続いて、PCI DSSの認証を得る方法について解説します。
訪問審査
PCI SSCに認定された審査機関QSA(Qualified Security Assessor)による、年1回の訪問審査で認定を得る方法です。カード発行会社や取引量が多い事業者には、訪問審査が必要です。
ネットワークスキャン
PCI SSCに認定されたベンダーASV(Approved Scanning Vendor)のスキャンツールを活用して、認定を得る方法です。四半期に1回以上、外部に公開しているサーバーに対して脆弱性がないかなどが確認されます。取引量が中規模の事業者とインターネット接続している事業者には、ネットワークスキャンが必須です。
自己問診
PCI SSCが作成したアンケート形式のPCI DSS SAQ(自己問診票)に回答して、認定を得る方法です。一見簡単そうに思われがちですが、設問数は300問以上で業態ごとに種類が分かれているため、初めて取り組む企業の中にはハードルが高いと感じるところもあるでしょう。

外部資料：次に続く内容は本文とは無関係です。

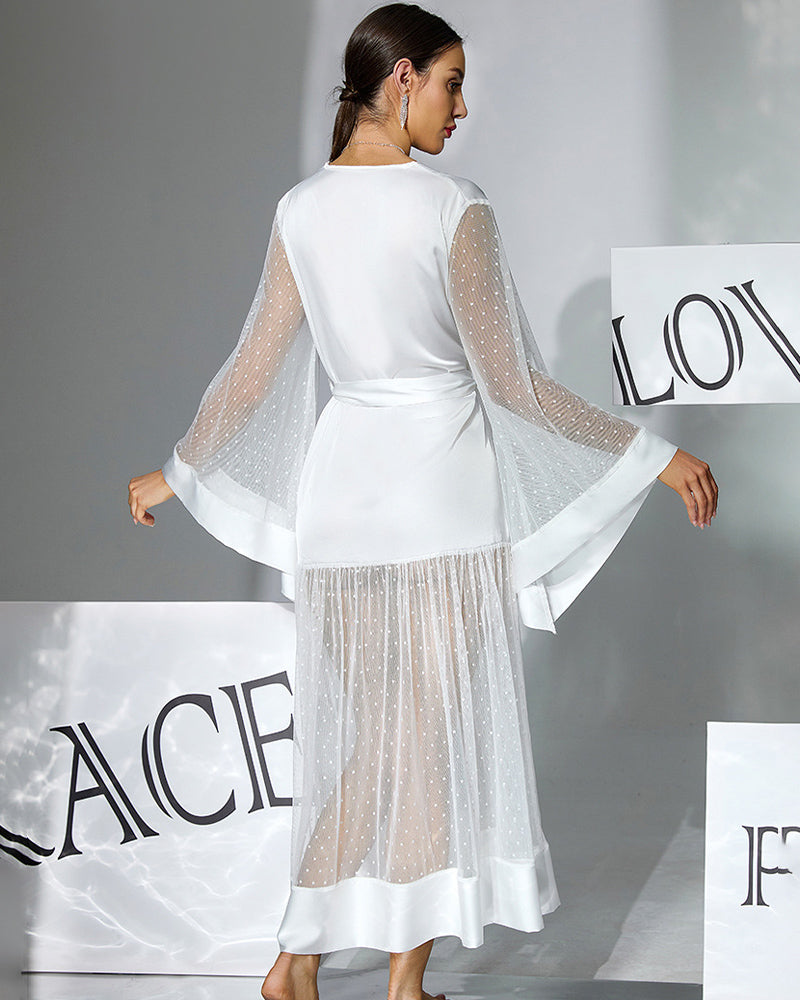 White belted robe dress with V-back, semi-sheer polka-dot sleeves and long skirt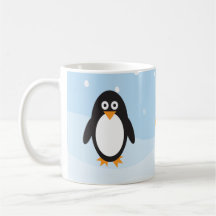 Caneca de pinguim personalizada com fundo de neve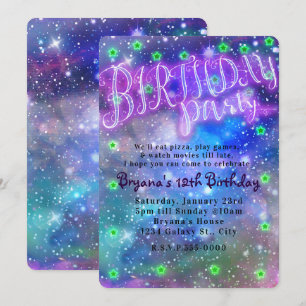 Invitation Espace de galaxie de dortoir de soirée de fête d'a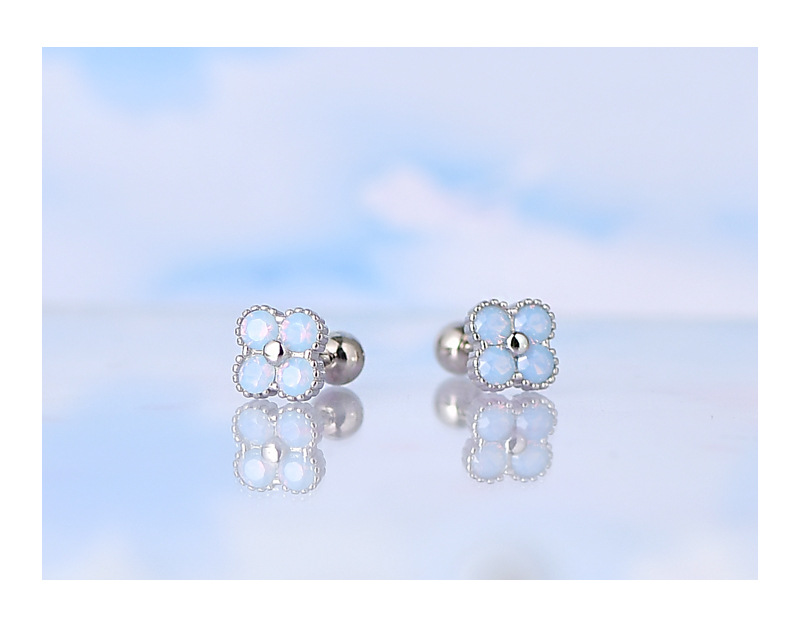 Fashion Flower Silver Inlaid Zircon Ear Studs 1 Pair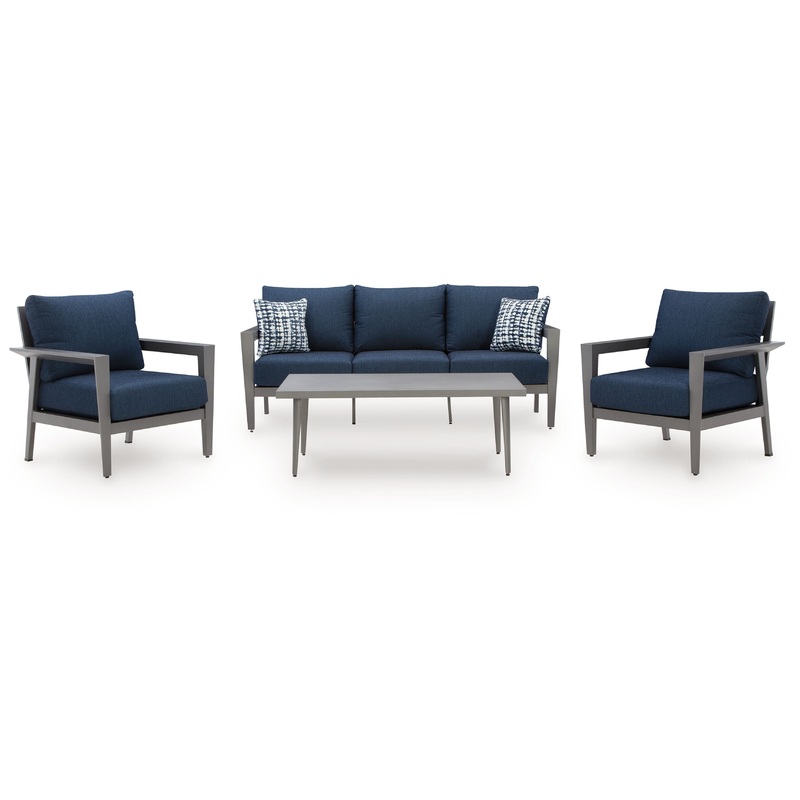 Gali – Sofa / Chairs / Table Set (Set of 4) – Gray / Blue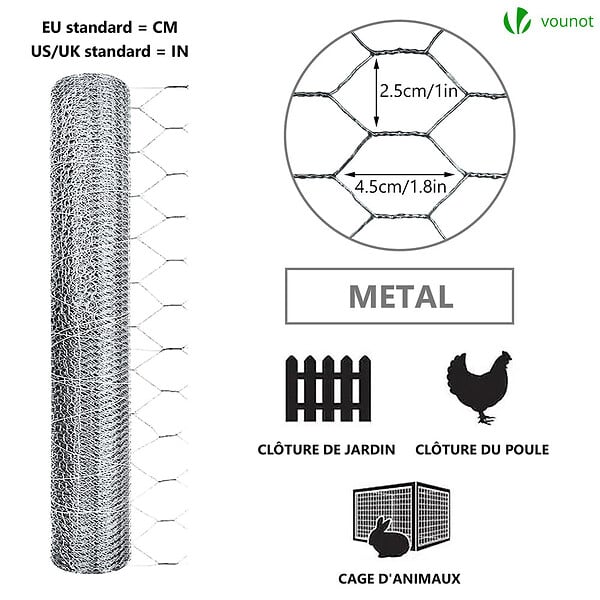 VOUNOT - Grillage a poule avec fils 25mm en acier galvanise 1x50M - large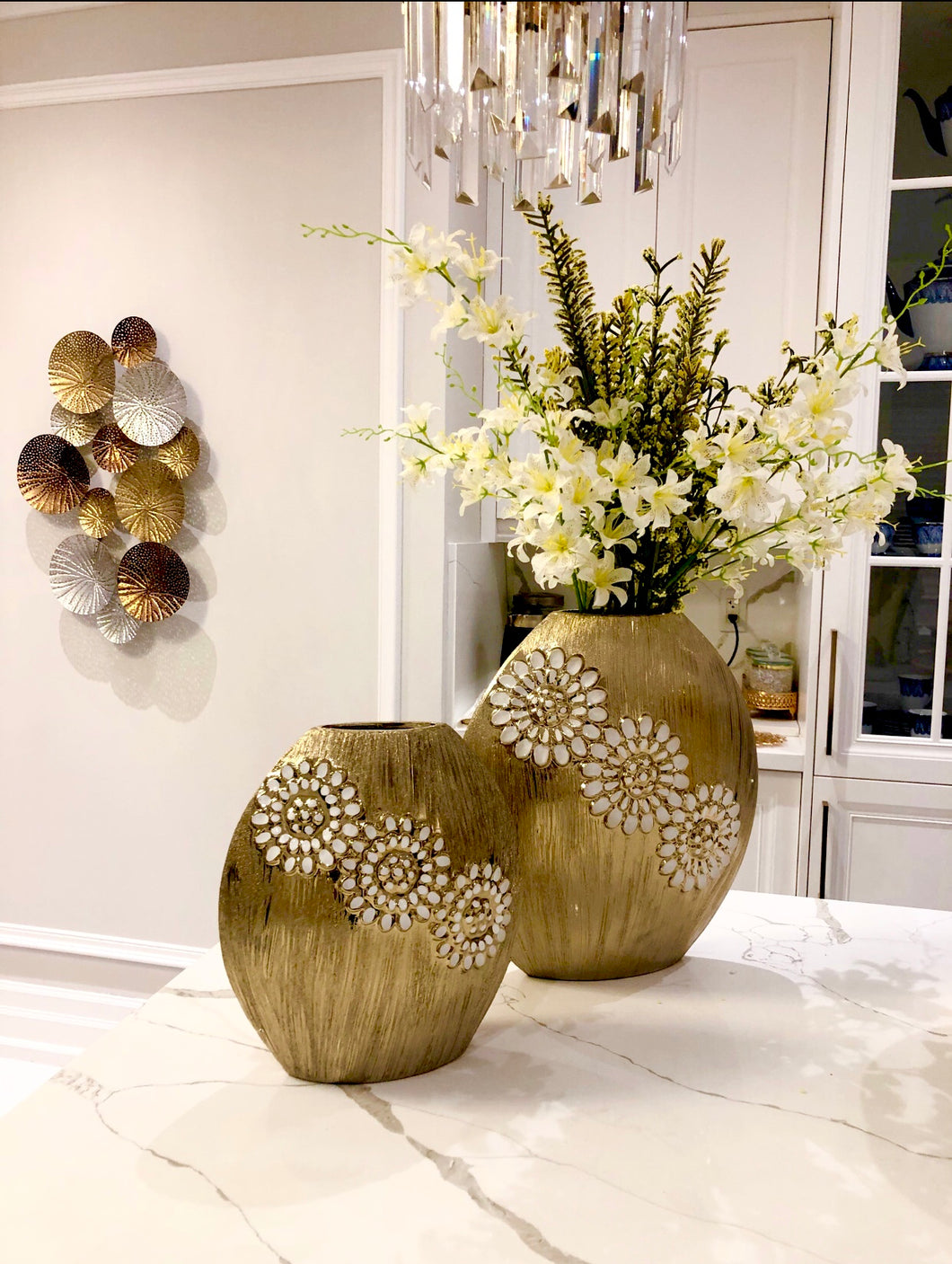 Round Matte Gold Vase with Textured Flower Design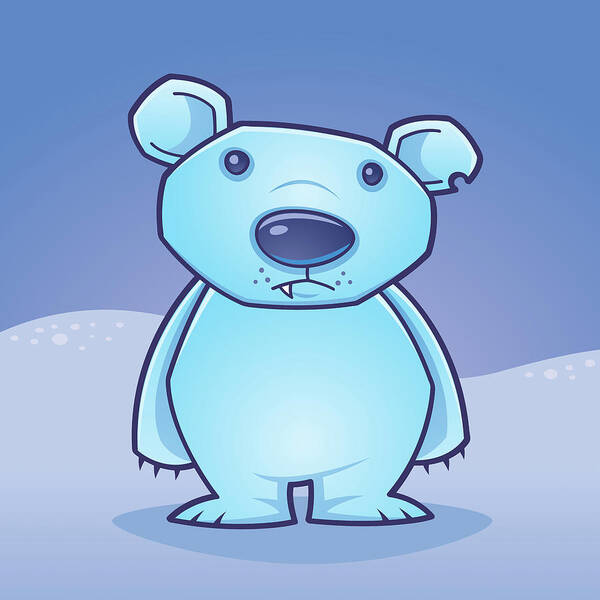 Cold Poster featuring the digital art Polar Bear Cub by John Schwegel
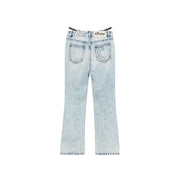 Unbalanced Hem Distressed Denim Jeans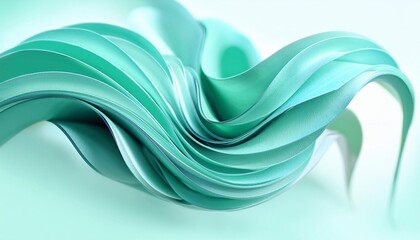 Wall Mural - a poetic marriage of mint green and seafoam blue abstract shape generative ai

主要な設問のみ50問をまとめた簡易診断表もあるため、まずは簡易版の利用がおすすめです。自己問診は、比較的取引量の多くない事業者を対象にしています。
PCI DSS対応の流れ

最後に、PCI DSS対応の流れを紹介します。
要件と対応が必要な範囲の把握
まずは、自社の取引量がどの程度でPCI DSSのどのレベルに準拠する必要があるかを把握しましょう。レベルにより求められる要件が異なります。
現状の分析と改善計画の立案
続いて、自社の現状を分析して求められる要件とのギャップを明確にします。データの保存場所やアクセス権限を有する人の把握と、セキュリティ対策の状況を改めて可視化することが重要です。改善点が見つかった場合には、対策を行うための計画を作成しましょう。
改善の実施
改善計画に基づき問題への対処を実施します。具体的には、セキュリティ対策ツールの導入やシステムの改修、業務マニュアルの作成・変更などを行います。また、改善後には要件に沿っているか確認しましょう。
テストや審査の実施
対策が完了したら訪問審査やネットワークスキャン、自己問診を行います。訪問審査やスキャンを受ける場合には、QSA・ASVへの連絡や準備も必要です。
継続的な監視と保守
PCI DSSの対応は、一度認証を受ければ完了ではありません。継続的な監視や保守が必要になります。また、取引量が増加すれば求められる対応に関するレベルが変わるケースもあります。継続的な監視や定期的なテストを実施して、毎年試験をパスする体制を構築しましょう。中には、PCI DSS対応のチームを会社内に設立する企業もあります。
まとめ

PCI DSSとは、クレジットカード業界における情報セキュリティ基準のことです。クレジットカード利用者の情報を守るとともに、加盟店の負担軽減とセキュリティ向上を目的に、国際的なカードブランド企業5社が2004年に策定しました。
PCI DSSの認証を得るには、現状の分析や要件に合わない事項の改善が必要です。まずは、自社がどのコンプライアンスレベルで、具体的にどのような要件が求められるかを確認しましょう。